Faire l’unité en soi-même
 

Ce n’est jamais acquis, mais c’est une des choses que la JEC m’a apporté : faire un peu mieux chaque jour, l’unité entre la vie et la foi. Je disais plus haut : plus nous nous connaissons, plus nous pouvons parler ensemble de ce qui fait le cœur de notre vie. Quand une équipe de jécistes se retrouve, c’est essentiellement pour faire révision de vie. Apparemment, rien de bien compliqué, il suffit de voir, juger, agir !



Voir
: c’est prendre le temps de faire un petit tour en arrière et de regarder les événements que j’ai vécus ces derniers temps, les rencontres que j’ai pu faire, les situations dans lesquelles je me suis trouvé. Chacun raconte aux autres quelque chose qui lui est arrivé, ou dont il a été témoin. Il vaut mieux ne pas être trop nombreux ! Heureusement, certains sont plus timides et n’osent pas trop parler, d’autres n’ont jamais rien vu, soit parce que l’on finit par s’habituer à tout et l’on ne remarque plus rien, soit parce que l’on sait qu’il faudra agir...
Le tour de table terminé, il faut faire un choix : en un laps de temps assez court, il ne sera pas possible de tout revoir. Il faut obligatoirement se limiter. Il suffit de se mettre d’accord pour retenir un des faits rapportés et il ne reste plus alors qu’à chercher ensemble les causes et les conséquences de cet événement. Et peut-être connaissons-nous d’autres faits semblables.

Juger
: c’est prendre conscience du fait que le Christ n’est pas étranger à ce que nous sommes en train de vivre. Il est là : « j’avais faim et vous m’avez donné à manger... quand est-ce que nous t’avons vu... ? » (Matthieu 25). Le Christ est là. En relisant l’évangile, nous découvrons que ses paroles, que ses faits et gestes nous invitent à prendre à notre tour, telle ou telle attitude. Il ne s’agit donc pas de porter un jugement moral, de juger si c’est bien ou si c’est mal. Un enfant de 7 ans peut souvent le faire, tout seul, sans se retrouver avec d’autres... Il s’agit de se demander : et le Christ, que dirait-t-il ? que ferait-il ? Dans l’évangile, c’est souvent le monde à l’envers...

Agir
: il faudra sans doute prendre son courage à deux mains pour intervenir au bon endroit (d’où la nécessité de chercher les causes), de façon à ce que le Règne de Dieu grandisse : règne de liberté, de justice, de paix, d’amour. Ici, la parabole des talents est toujours un bon stimulant.
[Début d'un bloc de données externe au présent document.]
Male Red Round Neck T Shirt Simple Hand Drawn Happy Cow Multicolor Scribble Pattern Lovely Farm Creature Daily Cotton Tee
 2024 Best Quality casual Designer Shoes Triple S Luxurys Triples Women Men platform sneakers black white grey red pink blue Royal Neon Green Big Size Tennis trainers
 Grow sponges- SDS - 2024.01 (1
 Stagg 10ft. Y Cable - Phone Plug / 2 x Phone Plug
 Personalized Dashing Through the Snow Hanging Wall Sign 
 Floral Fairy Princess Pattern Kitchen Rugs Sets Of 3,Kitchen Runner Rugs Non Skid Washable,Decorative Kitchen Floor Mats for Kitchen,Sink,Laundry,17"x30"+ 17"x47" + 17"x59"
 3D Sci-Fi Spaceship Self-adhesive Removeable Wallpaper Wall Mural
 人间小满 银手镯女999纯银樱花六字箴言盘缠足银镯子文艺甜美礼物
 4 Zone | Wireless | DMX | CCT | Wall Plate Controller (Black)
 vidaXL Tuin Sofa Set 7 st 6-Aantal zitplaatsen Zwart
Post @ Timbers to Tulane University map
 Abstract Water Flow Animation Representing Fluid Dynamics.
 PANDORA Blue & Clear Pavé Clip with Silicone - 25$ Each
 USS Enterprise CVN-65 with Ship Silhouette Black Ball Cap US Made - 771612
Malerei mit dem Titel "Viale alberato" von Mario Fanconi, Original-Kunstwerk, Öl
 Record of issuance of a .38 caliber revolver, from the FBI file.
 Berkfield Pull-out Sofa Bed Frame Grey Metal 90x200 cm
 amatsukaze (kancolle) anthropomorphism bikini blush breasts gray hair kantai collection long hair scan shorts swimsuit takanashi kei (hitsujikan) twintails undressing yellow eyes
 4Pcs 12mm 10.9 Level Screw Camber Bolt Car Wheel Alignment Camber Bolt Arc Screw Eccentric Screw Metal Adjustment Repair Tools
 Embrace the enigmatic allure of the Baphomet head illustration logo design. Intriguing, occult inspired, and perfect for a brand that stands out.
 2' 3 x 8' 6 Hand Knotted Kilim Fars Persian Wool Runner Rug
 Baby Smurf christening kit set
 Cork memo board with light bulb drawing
En pratiquant la révision de vie, presque chaque après-midi, des années durant, je peux dire que la JEC m’a appris à faire chaque jour un peu mieux l’unité entre ma vie et ma foi. Rien n’est jamais parfait, mais c’est au moins la route sur laquelle j’essaye de marcher. La phrase du Christ que je répète le plus souvent : « Je suis venu pour que les hommes aient la vie, et qu’ils l’aient en abondance » (Jean 10,10) brille pour moi comme un phare, surtout quand il fait nuit noire.

Il n’est pas toujours facile de discerner la volonté de Dieu, de voir ce qu’il y a de mieux à faire pour que son règne vienne. Agir pour que la vie triomphe pose quelquefois question. D’où l’intérêt de faire révision de vie à plusieurs. C’est le même Esprit de Dieu qui anime chacun des participants, mais chacun est aussi à même de dire un mot en fonction de son âge, de son origine, de son éducation, bref de sa personnalité. Quand le Christ nous dit : « Vous êtes la lumière du monde », chacun apporte sa part d’éclairage en apportant ses richesses propres.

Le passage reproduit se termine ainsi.